Said Sullivan: "Your action ... so far as I know, represents the first attempt ever made in this country to prevent the development of a powerful weapon. The conviction that this will result in a renewed effort to abolish the Marine Corps, and to transfer all naval and Marine aviation elsewhere, adds to my anxiety.
"However, even of greater significance is the unprecedented action on the part of a Secretary of Defense in so drastically and arbitrarily changing and restricting the operational plans of an armed service without consultation with that service. The consequences of such a procedure are far-reaching and can be tragic."
Yes & No. Before the outbursts had subsided, Johnson plunged head first into more trouble. Johnson, who just can't seem to stay away from the press, or be discreet in front of it, let it be known that he had decided on the successor to retiring Army Secretary Kenneth Royall --though it is the President's prerogative to name his own official family. Johnson's choice was 58-year-old Curtis Ernest Calder, the $75,000-a-year board chairman of Manhattan's Electric Bond and Share Co. As soon as Calder could tidy up his affairs, probably within 60 days, he would move into the Pentagon. So said Louis Johnson.

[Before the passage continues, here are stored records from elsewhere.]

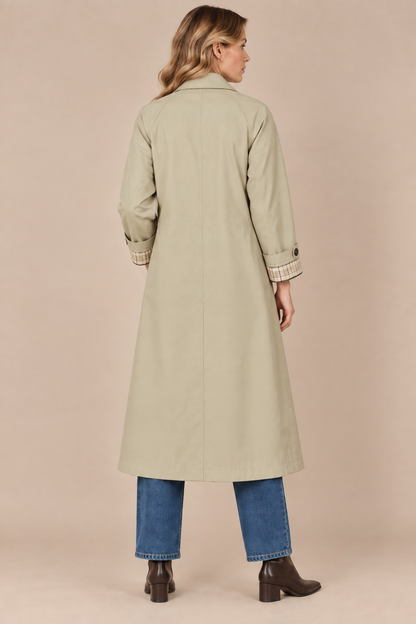 Dhalia | Trenchcoat Damen Lang mit Bindegürtel
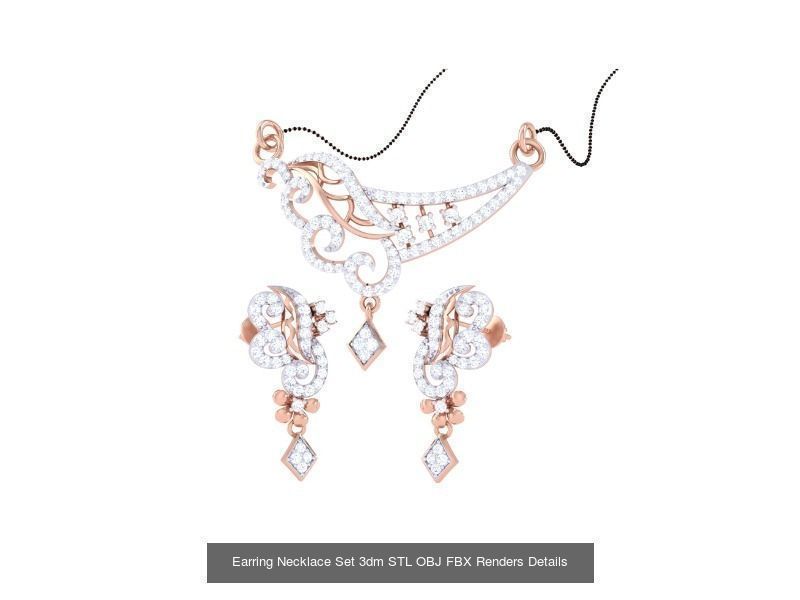 49 Earring Necklace Set 3dm STL OBJ Renders Details Collection _7
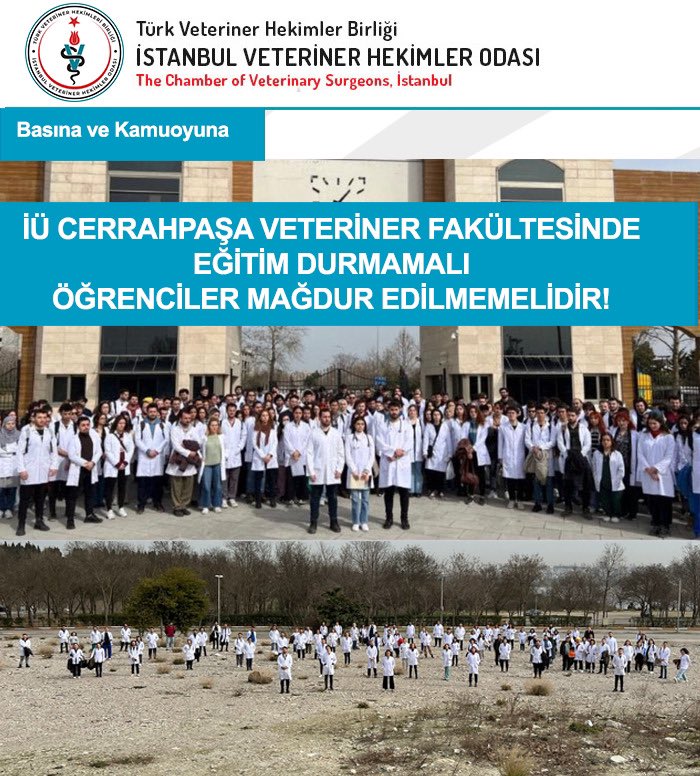 Basına ve Kamuoyuna İÜ CERRAHPAŞA VETERİNER FAKÜLTESİNDE EĞİTİM DURMAMALI ÖĞRENCİLER MAĞDUR EDİLMEMELİDİR! Haberin devamı: ivho.org.tr/pages/duyurula…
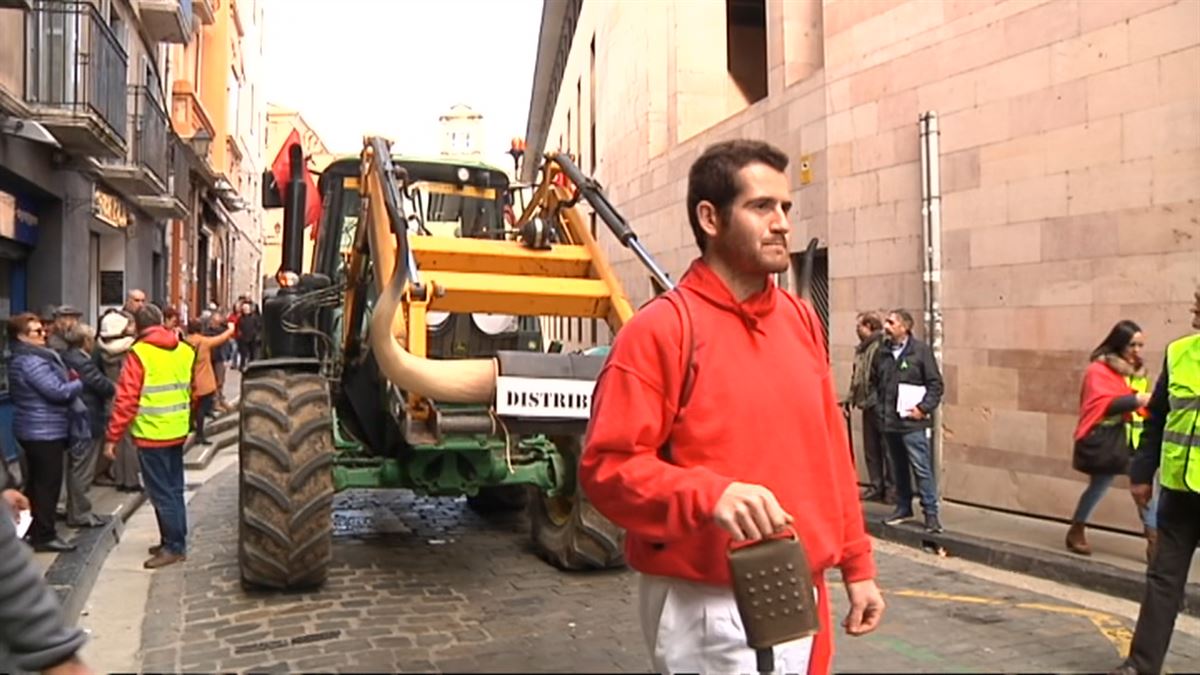 Protesta con tractores. 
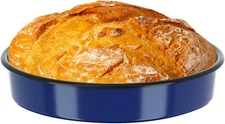 Enamel Round Baking Pan Roasting Dish 10 Inch Non-Stick Cookware for Cake Bread 
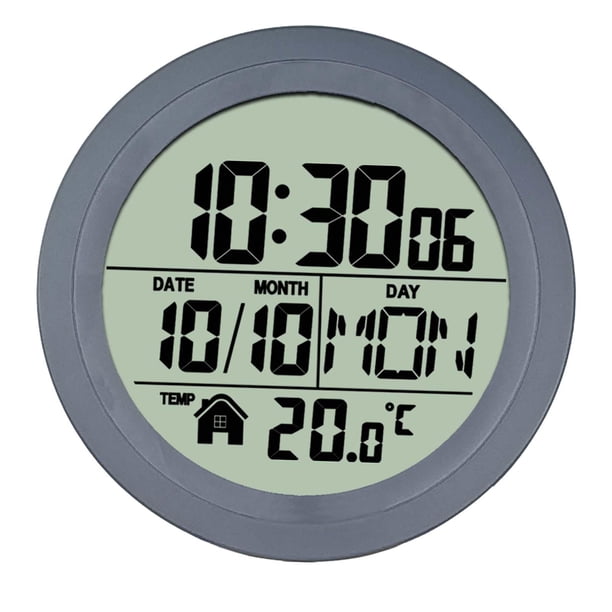 Reloj de pared Digital para baño de 14,6 cm con ventosa, pantalla LCD, calendario versátil y resistente, mes, fecha, día para zona de SPA, lavandería Marco de PP gris
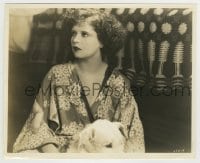 8s156 CALL HER SAVAGE 8x10 still 1932 great c/u of pretty Clara Bow in robe with her dog!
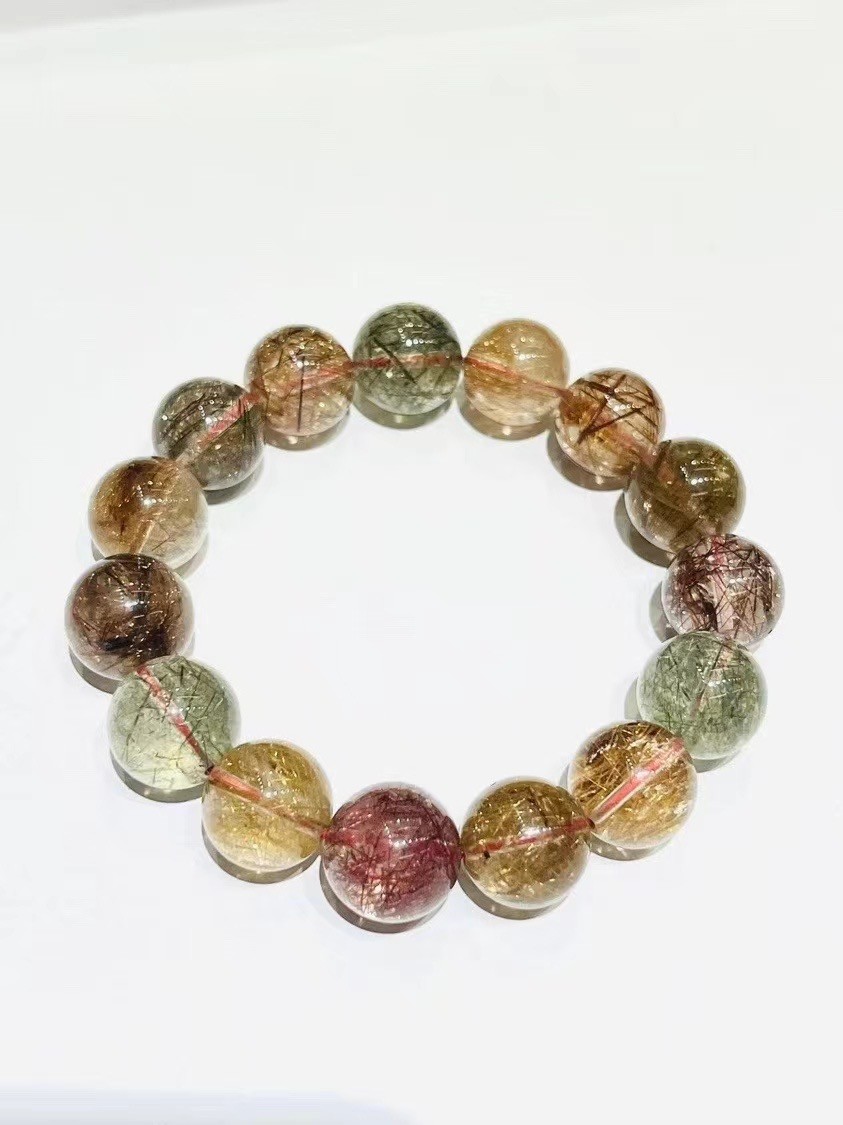 15mm Natural Colored hair crystal Healing Reiki Gemstone Stretch Bracelet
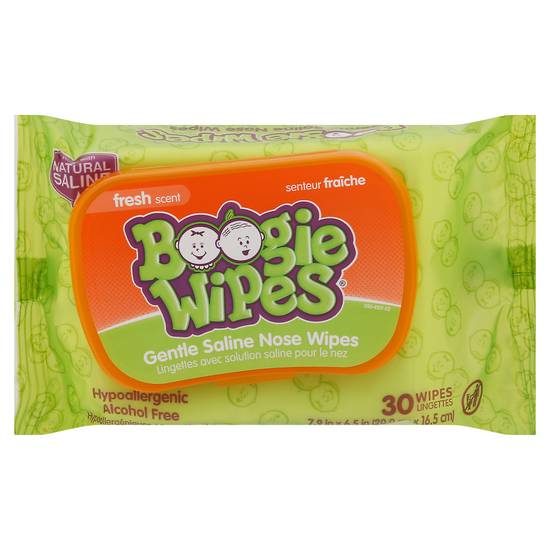 Boogie Wipes Gentle Saline Wipes For Stuffy Noses Fresh Scent (30 wipes)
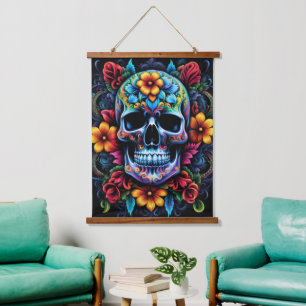 Flower Skull Wall Tapestry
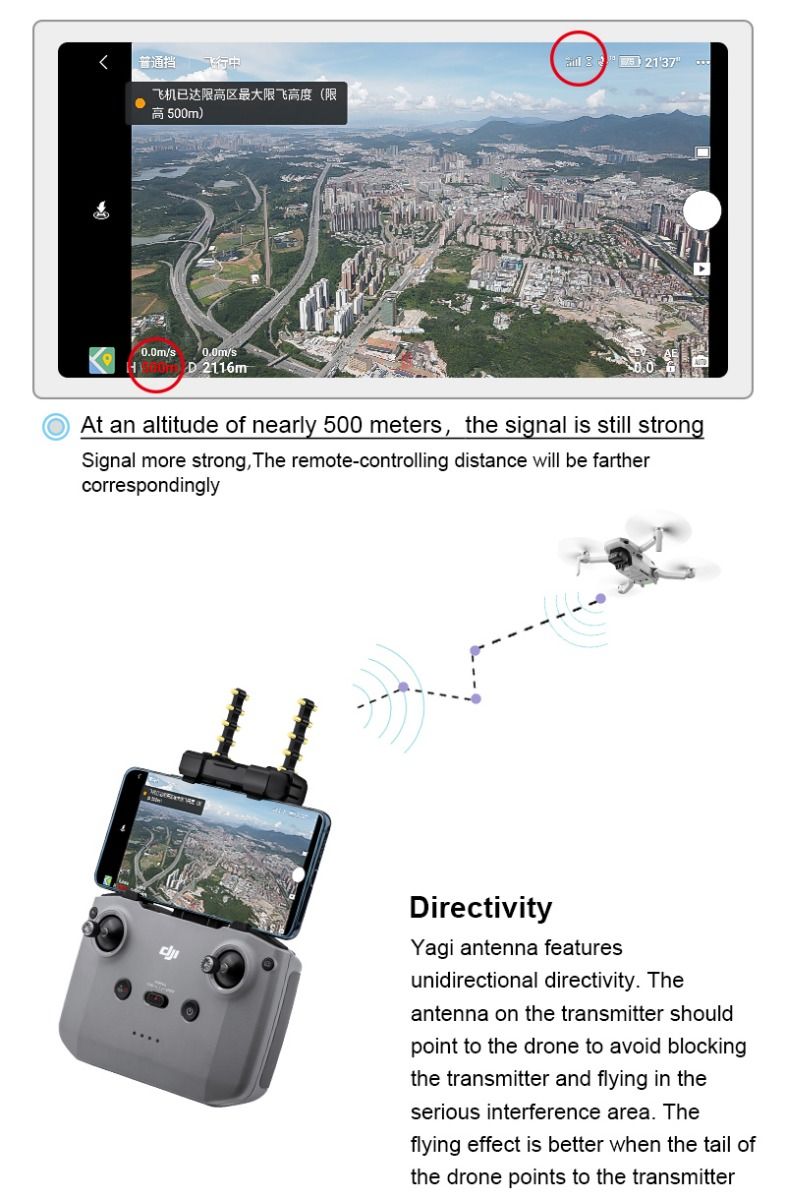 STARTRC 5.8Ghz Yagi-Uda Antenna Signal Booster for DJI RC-N1 Remote Controller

That wasn't the way Calder understood it. As soon as the news hit the wires, Calder cracked back: "I have not accepted the secretaryship of the Army today or accepted it for 60 days from now." In the ensuing confusion, Louis Johnson kept mum while Harry Truman loyally tried to straighten things out by hoping that Calder could still be persuaded. If not, the loud publicity would make it even harder to find another candidate. One trouble was that though the vacant Army and Navy secretaryships were still Cabinet posts in all but name, they were increasingly becoming mere under-secretaryships, under an unpredictable and strong-willed Defense Secretary.
Abject Surrender. By this time Louis Johnson had also thrust his bald skull into another angry beehive. At a friendly little luncheon for a handful of Washington newsmen, he incautiously confirmed some of John Sullivan's worst fears. The newsmen came away with the distinct impression that Johnson was intending to absorb all of Marine Corps aviation into the Air Force or the Navy or both, and that a directive to that effect was already in the works.
Johnson had not told that to the Marines. In fact, he seemed to be losing sight of the Marine airmen's one peculiar function: supporting Marine ground forces in amphibious operations. Marine air is the only flying arm specifically trained for close-in support of ground troops from carrier bases.
Georgia's crafty Carl Vinson hit the roof. As chairman of the House Armed Services Committee he had been getting hotter & hotter at Johnson's methods. After a hurried visit to Johnson's office, he came back to Capitol Hill with Johnson's abject surrender in writing--and to be sure about it, read it into the record on the House floor.
What the House heard was a complete denial by the Defense Secretary of any plan to transfer the Marine or naval aviators to any other service, i.e., the Air Force. He could not do it under law, he admitted, and there had been no thought of any such move anyhow. Said Johnson humbly: "I want you to know that before any step of this kind would be seriously considered, I should ask permission to discuss the matter before the committees of both houses of Congress."